Exercise: The listing below has to be output exactly as given, less its pictures.
☆ ☆ ☆ ☆ ☆
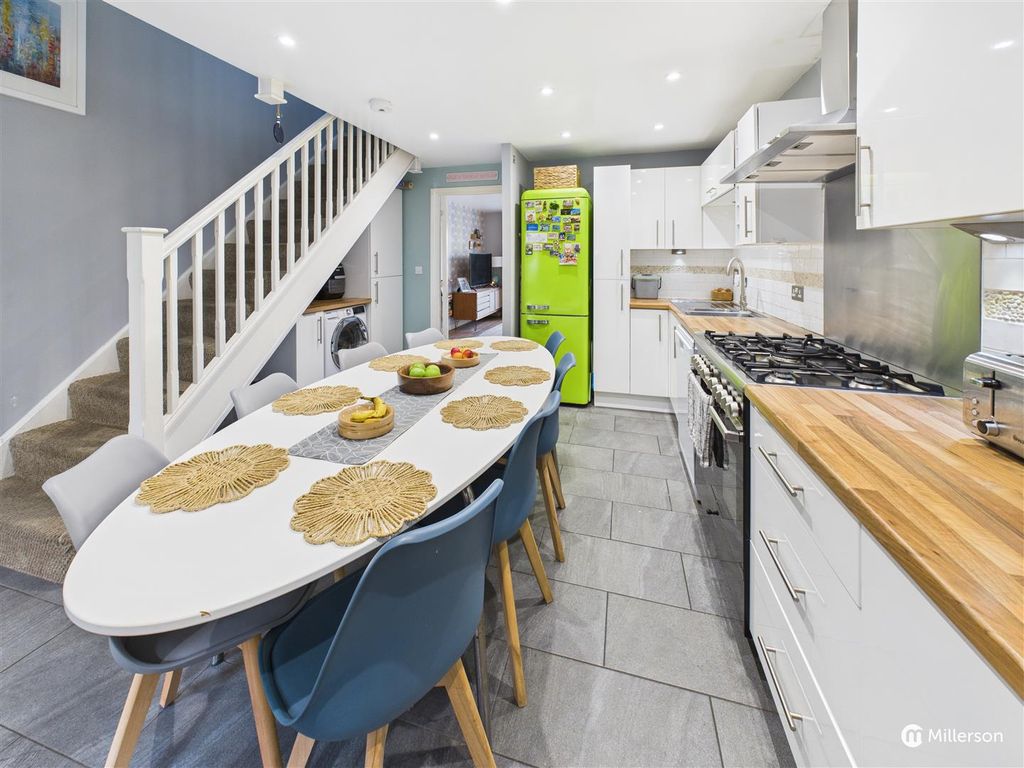 Property photo 3 of 20 Kitchen/Diner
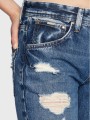 Niebieskie mom jeans dziury (28)
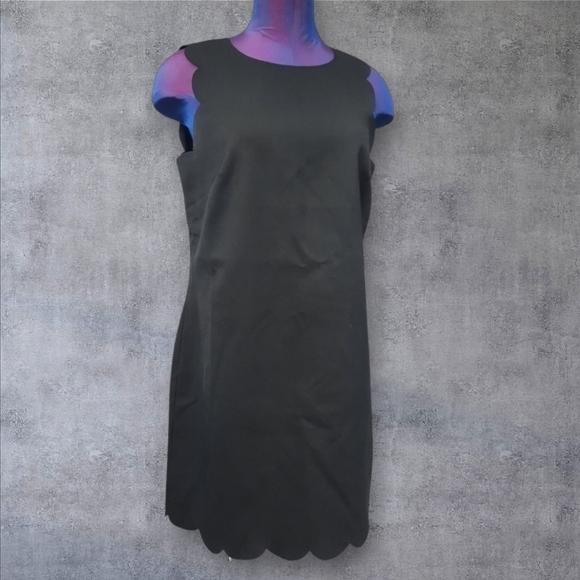 J. Crew Dresses & Skirts - J. Crew Black Sheath Dress Scalloped Hems Size 8 Women's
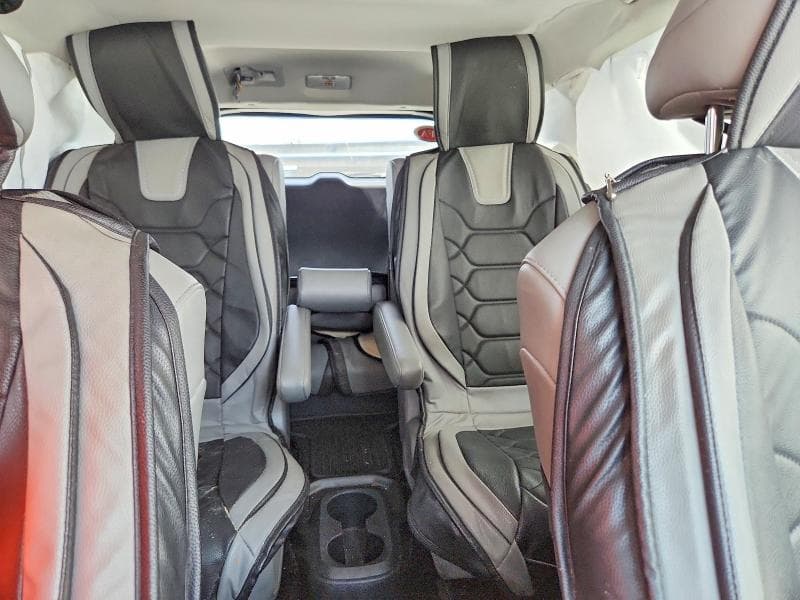 2022 TOYOTA HIGHLANDER PLATINUM 10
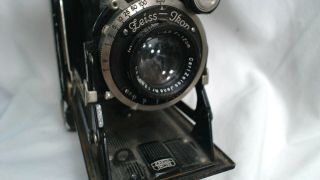 Zeiss Ikon Ikomat Medium Format Camera With Tessar 120 Mm F4.  5 Lens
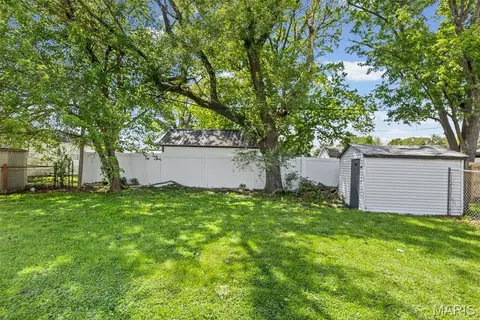 Exterior - 570 Shellview St, Bethalto, IL 62010 photo 4 of 7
☆ ☆ ☆ ☆ ☆
Solution to this problem:
 Property photo 3 of 20 Kitchen/Diner
 Niebieskie mom jeans dziury (28)
 J. Crew Dresses & Skirts - J. Crew Black Sheath Dress Scalloped Hems Size 8 Women's
 2022 TOYOTA HIGHLANDER PLATINUM 10
 Zeiss Ikon Ikomat Medium Format Camera With Tessar 120 Mm F4.  5 Lens
 Exterior - 570 Shellview St, Bethalto, IL 62010 photo 4 of 7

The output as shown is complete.